= Contact activation system =

Activation of coagulation cascade

The two arms of the contact system. PKa's cleavage of HK liberates BK and promotes inflammation. FXIIa's cleavage of FXI initiates coagulation.

In the contact activation system or CAS, three proteins in the blood, factor XII (FXII), prekallikrein (PK) and high molecular weight kininogen (HK), bind to a surface and cause blood coagulation and inflammation. FXII and PK are proteases and HK is a non-enzymatic co-factor. The CAS can activate the kinin–kallikrein system and blood coagulation through its ability to activate multiple downstream proteins. The CAS is initiated when FXII binds to a surface and reciprocal activation of FXII and PK occurs, forming FXIIa and PKa. FXIIa can initiate the coagulation cascade by cleaving and activating factor XI (FXI), which leads to formation of a blood clot. Additionally, the CAS can activate the kinin–kallikrein system when PKa cleaves HK to form cHK, releasing a peptide known as bradykinin (BK). BK and its derivatives bind to bradykinin receptors B1 and B2 to mediate inflammation.

==Surfaces and activation==
Artificial negatively charged substances that activate FXII include L-homocysteine, heparan sulfates, chondroitin sulfates, dermatan sulfate, uric acid crystals, lipoproteins, ferritin and porphyrins. However, the physiological substances or surfaces that activate FXII are still under debate. These may include proteins, such as gC1q-R, aggregated proteins, amyloid, collagen, nucleic acids, and polyphosphates. The ability of FXII to bind to negatively charged surfaces and activate coagulation forms the basis of the aPTT test, in which artificial materials act as a surface for contact activation. This test is used to measure the contact activation pathway (intrinsic pathway) and the common pathway of clotting. FXII is a zymogen, which means that it requires processing to attain its catalytic protease activity. Upon binding to surfaces, FXII alters in its conformation, giving it low-level protease activity. This change in conformation also promotes its cleavage by PKa and cleavage by FXIIa itself. FXIIa can cleave PK producing PKa, producing a positive feed-back to activate both enzymes. HK binds to PK and is required to locate PK at the surface for activation by FXII.

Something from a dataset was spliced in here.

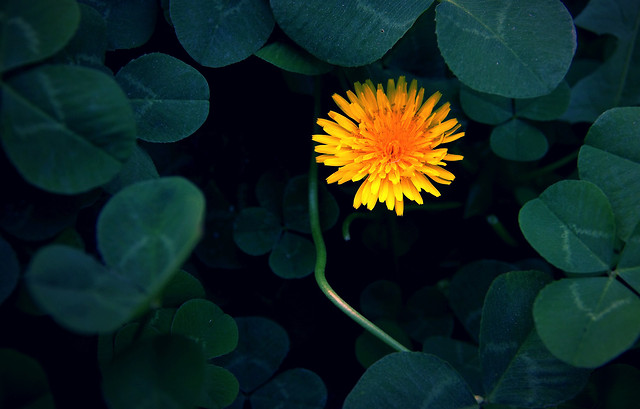 flower-leaf-nature-no-person-summer picture material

Zinc has been reportedly demonstrated to be crucial in inducing a conformational change in both FXII and HK as it is required for assembly of FXII and HK bound PK on some negatively charged surfaces. Zinc is suggested to mediate binding of FXII and HK to negatively charged surfaces including gC1q-R and Polyphosphates.

==Contact factors binding to bacteria and viruses==
Although contact factors FXII and HK bound PK have been reported to interact with endothelial cells (via gC1q-R), platelets (via Polyphosphate) and Leukocytes; bacteria (Streptococcus pyogenes, Salmonella, and Escherichia coli) and viruses (Hantavirus and Herpes simplex 1 virus) have also been demonstrated to bind to contact factors. Negatively charged lipopolysaccharide (LPS) or surface associated negatively charged teichoic acids from S. aureus and long chain Polyphosphate have all been shown to induce contact activation and bradykinin release thereby contributing to the host-defense reactions by activating the complement cascade.

==Physiological roles==
Although the contact system can activate FXI and the subsequent clotting cascade, and it is routinely observed to activate coagulation in the presence of medical devices, the actual role of the contact system in normal physiological coagulation remains contentious. This is primarily due to the fact that deficiencies in the contact system proteins FXII, PK and HK do not produce bleeding disorders.

The contact activation system's physiological role in the kinin-kallikrein system is more clear. Here, after activation of PK to PKa by FXIIa, PKa cleaves HK. This produces cleaved HK (cHK), releasing a small peptide known as bradykinin. This peptide binds to bradykinin receptor B2 and its derivative, Des-Arg9-bradykinin binds to bradykinin receptor B1. Upon ligand binding, these receptors mediate inflammatory responses. PK can also lead to fibrinolysis by converting plasminogen to plasmin.

FXII can also lead to complement activation by directly targeting C1r and C1s. C1INH inhibits the action of PK, FXIIa, and FXIa, in addition to its classical inhibitory role for C1r and C1s.

==Roles in disease==
Activation of the CAS is associated with hereditary angioedema, a disorder characterised by episodes of swelling.
Genetic knockout studies in murine models of cardiovascular disease and genetic linkage studies in humans have implicated the contact factors in contributing to diverse cardiovascular disease processes including thrombosis and stroke.